By William Godwin
Texas A&M Department of Entomology
TEXAS: Wood Co. Hawkins, 3 mi.W.
@ Little Sandy NWR. 29/IV/2000
32°34’33″N; 95°14’50″W
Begining in 1898 several farsighted sportsmen, mostly from Dallas Texas, traveled East together on the Texas & Pacific Railroad looking for land. They left the blackland prairie that was producing the fortunes of so many Texans at the time and crossed the post oak savanna. They were looking for big woods where they could establish a club devoted to squirrel hunting, duck hunting and fishing. Approximately 80 miles from Dallas they passed into the great eastern deciduous forest that spreads across the South in many forms. They bought land between the T&P tracks and the North bank of the Sabine River from 1898 through 1902. They incorporated it as the Little Sandy Hunting and Fishing Club. It was named for Little Sandy Creek which flows clear and cool from springs in the Eocene sand outcrops of eastern Wood County. Little Sandy Creek was an important stop for T&P steam engines when their boilers needed water. The stop’s name of Angler, Texas has faded from use but remains an appropos footnote. Perhaps club members chose this spot because they had the opportunity to get off and inspect the area during a stop for water. We are all fortunate that they did so because the 3,802 acres of bottomland hardwoods, oxbow lakes and planera swamps that they acquired have come down to us after a century of careful stewardship. At Little Sandy National Wildlife Refuge we can see something impossibly rare today in Texas; the woods like they looked to begin with and enough of them to get wonderfully lost in (just listen for distant trains to find North). It has been agreed upon as the best remnant of old growth bottomland hardwood in Texas by everyone who knows about such things. Since 1986 Little Sandy has been a part of the national wildlife refuge system.

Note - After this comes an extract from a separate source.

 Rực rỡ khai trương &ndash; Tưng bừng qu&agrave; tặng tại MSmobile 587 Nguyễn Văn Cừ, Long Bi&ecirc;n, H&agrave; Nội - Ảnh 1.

Some might say that the old growth forest like that at Little Sandy is deep. They are right in more ways than the obvious one. On the very surface it is beautiful. Even the citified recognize this. Those with more woods experience might wonder why does it look subtly different. Several answers of increasing complexity are possible. The understory that usually blocks your way and sight has retreated at Little Sandy. You are free to walk through the forest without tangling impediment of branches. See more open woods. Trees have straight boles that are branchless to 30 or 40 feet and they are not all living. Some visitors remark on the disturbing sight of of what they regard as too many dead trees standing. They are unused to mature woods where trees are allowed to grow old and die rather than be harvested. Wildlife, especially birds, may seem subtly more abundant. About 80% of our breeding birds are dependantly associated with bottomland hardwoods and they are especially reliant on deep tracts like Little Sandy for avoidance of the brown cowbird which parasitizes their nests and shows preference for the forest boundary. Perhaps the birds sound better there too because of the acoustics of the canopy top/open understory structure.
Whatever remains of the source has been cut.